=== Given data ===
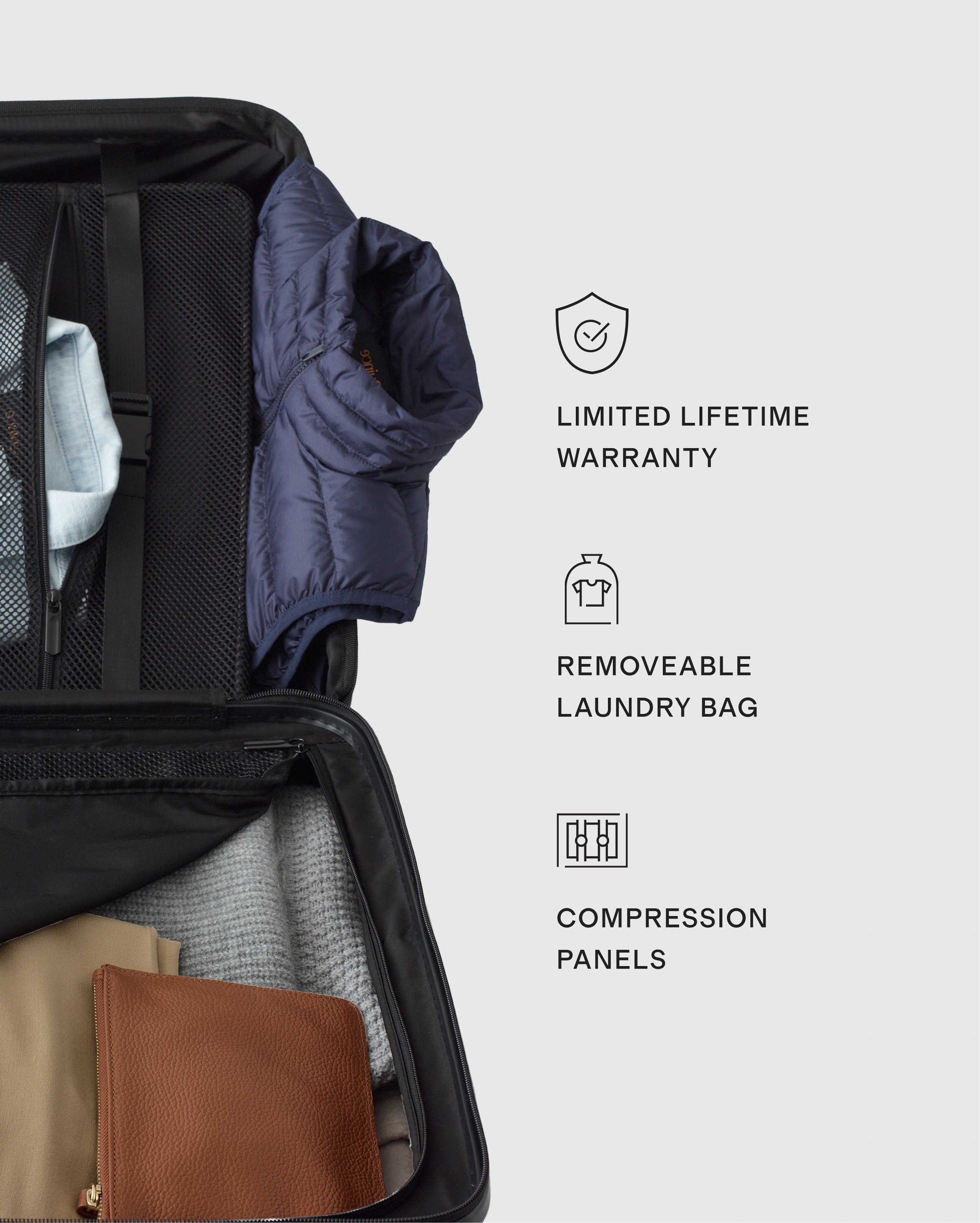 Medium Check-In Suitcase in Dark Green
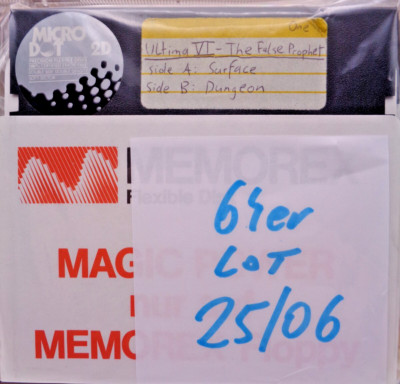 COMMODORE 64/128 -- 18 USED DISCS 5.25'' - WYSIWYG #25/06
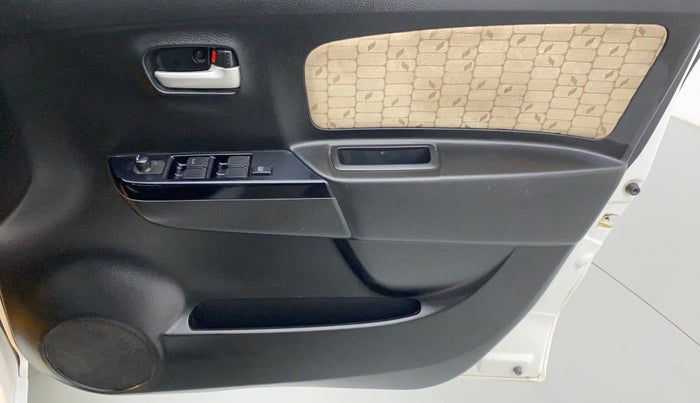 2017 Maruti Wagon R 1.0 VXI, Petrol, Manual, 36,700 km, Driver Side Door Panels Control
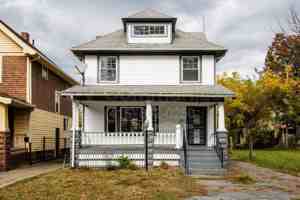 featured image of 9711 Parmelee Ave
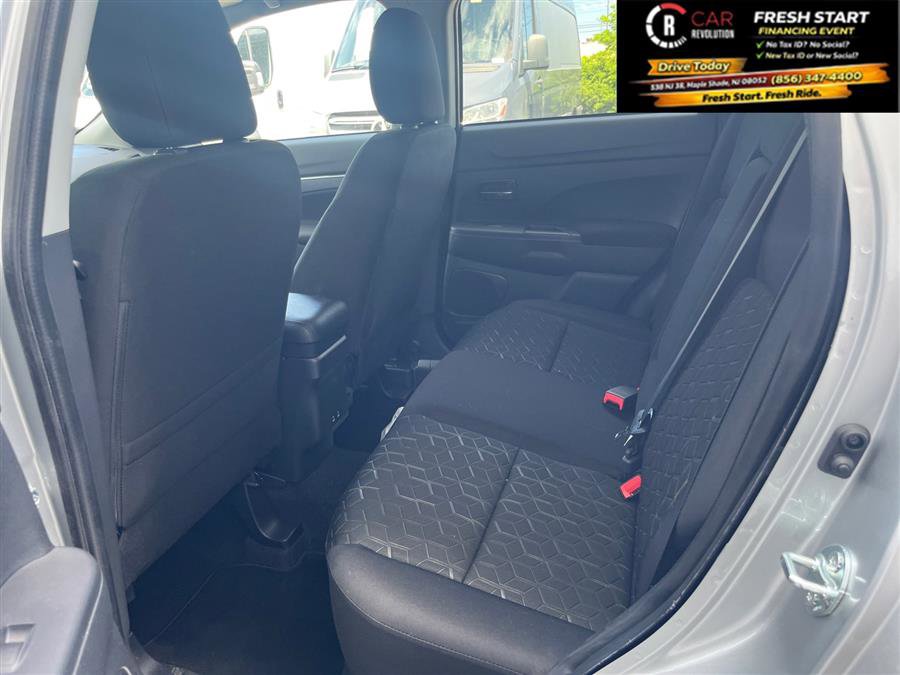 Used 2026 Mitsubishi Outlander Sport LE AWD/4WD image 28
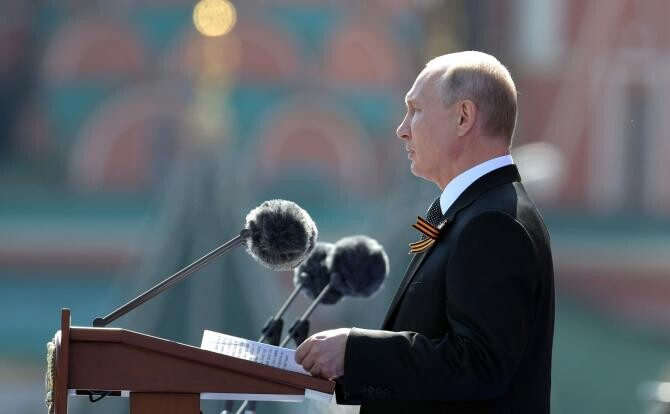 Nici VREMEA nu ține cu Putin. Parada de 9 mai, sabotată de FURTUNI / Foto: Kremlin.ru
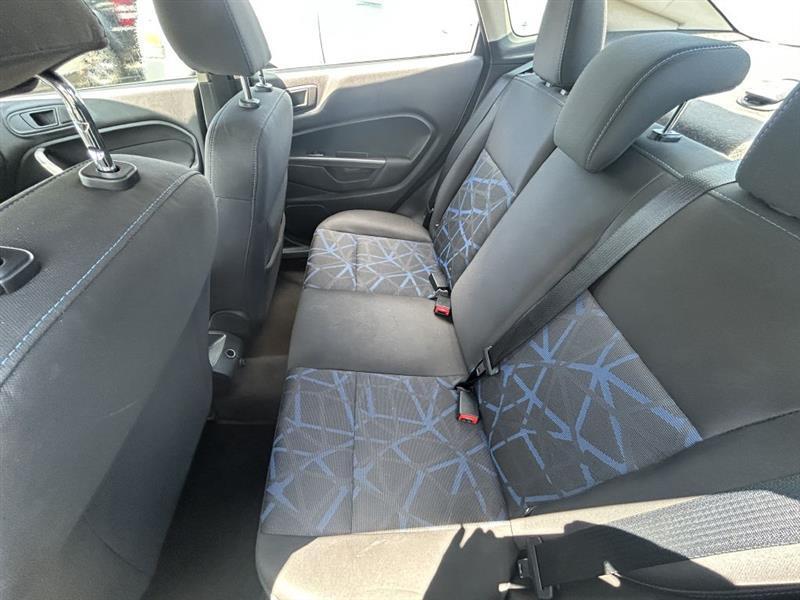 Ford Fiesta SE Sedan 2013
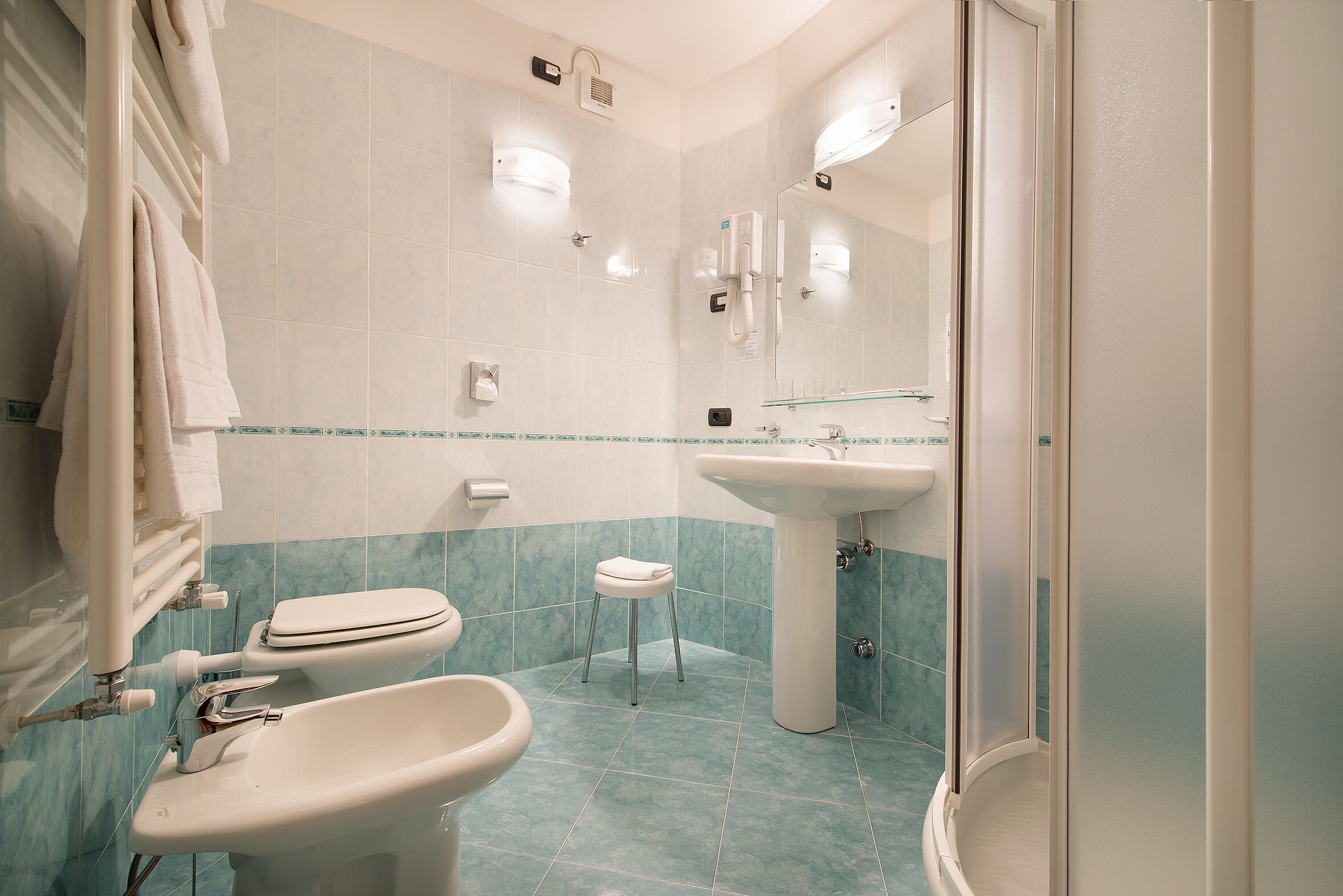 superior double or twin room | bathroom | combined shower/bathtub, hair dryer, slippers, towels
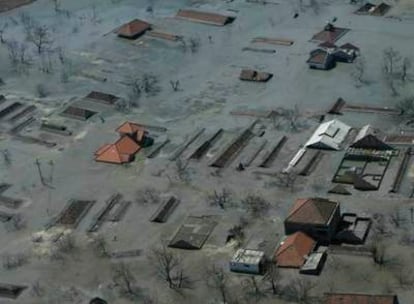 Casas cubiertas por el lodo en Sidoarjo.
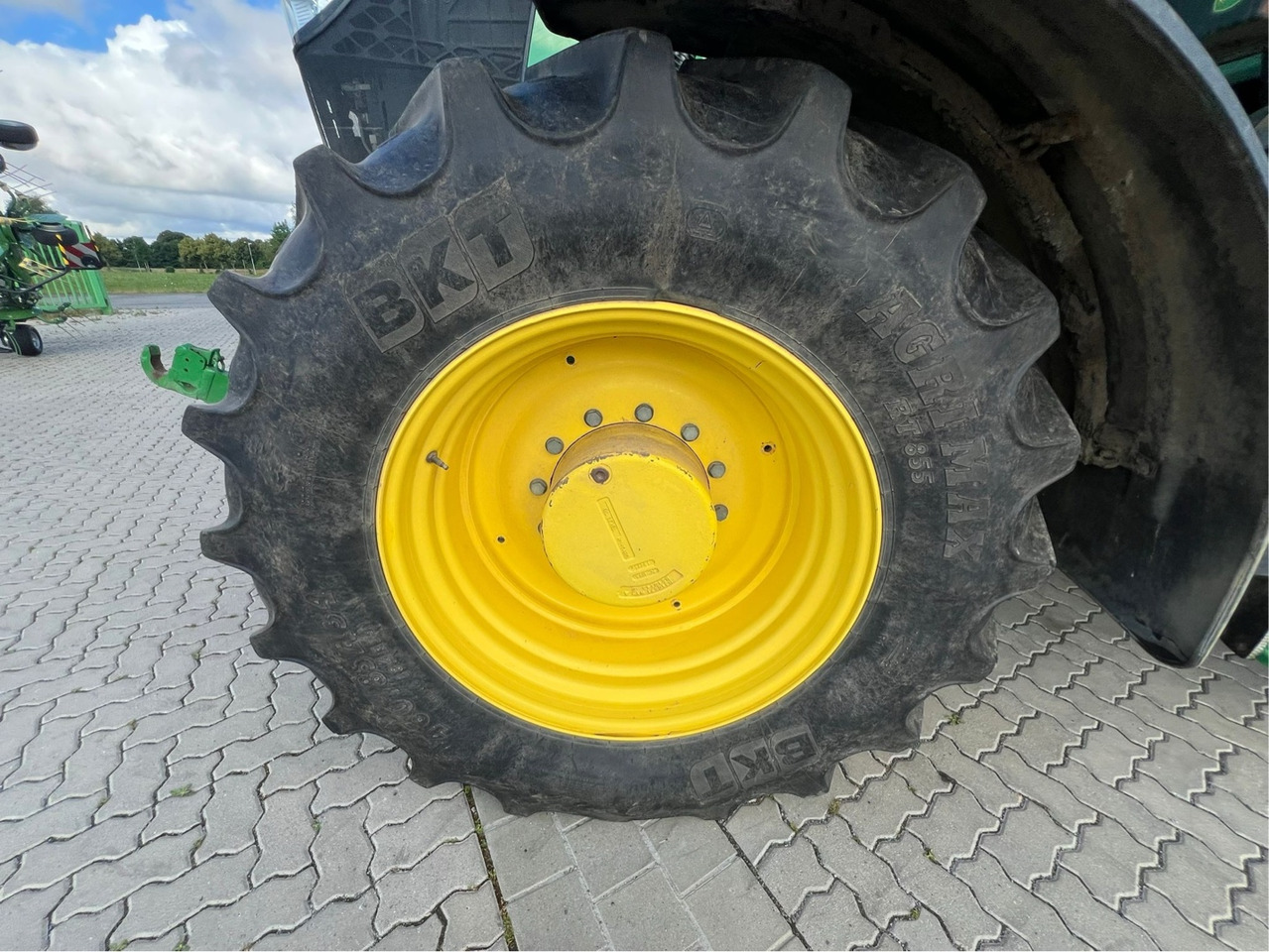 John Deere 7310 R - Farm tractor: picture 4 John Deere 7310 R - Farm tractor: picture 4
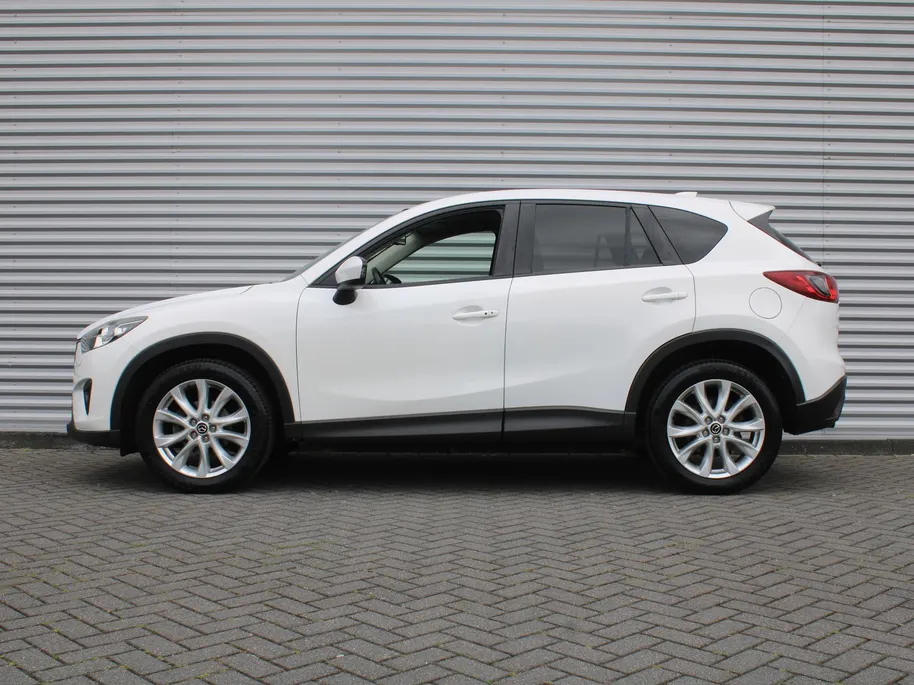 Mazda CX-5 2.0 GT-M 4WD | Stoelverwarming | 19' LM | Clima | Navi | Leer | Cruise | Camera | Xenon | Volledig dealer onderhouden! | Zeer nette auto |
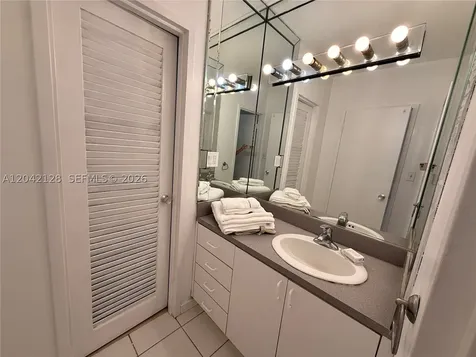 100 Lincoln Road Miami Beach FL 33139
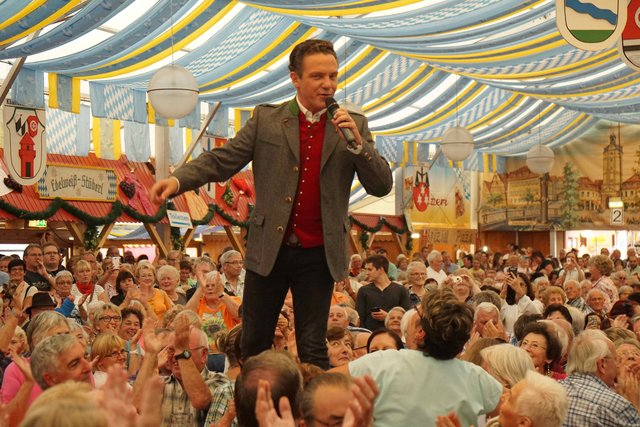 Was macht man nicht alles, um im Showgeschäft zu bleiben? - Singen, Trompete spielen, Witze erzählen, das Publikum zum Mitklatschen motivieren und Jonglieren auf Tischen und Bänken: der Oberbayer Stefan Mross genoss sichtlich das "Bad in der Menge" im Miltenberger Festzelt.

=== What needs to be done ===
Once the line with "Nici VREMEA nu" is found above, print it and every line after it through the line with "Casas cubiertas por el lodo en Sidoarjo.", exactly. Pictures stay out.

=== Solution to this exercise ===
 Nici VREMEA nu ține cu Putin. Parada de 9 mai, sabotată de FURTUNI / Foto: Kremlin.ru
 Ford Fiesta SE Sedan 2013
 superior double or twin room | bathroom | combined shower/bathtub, hair dryer, slippers, towels
 Casas cubiertas por el lodo en Sidoarjo.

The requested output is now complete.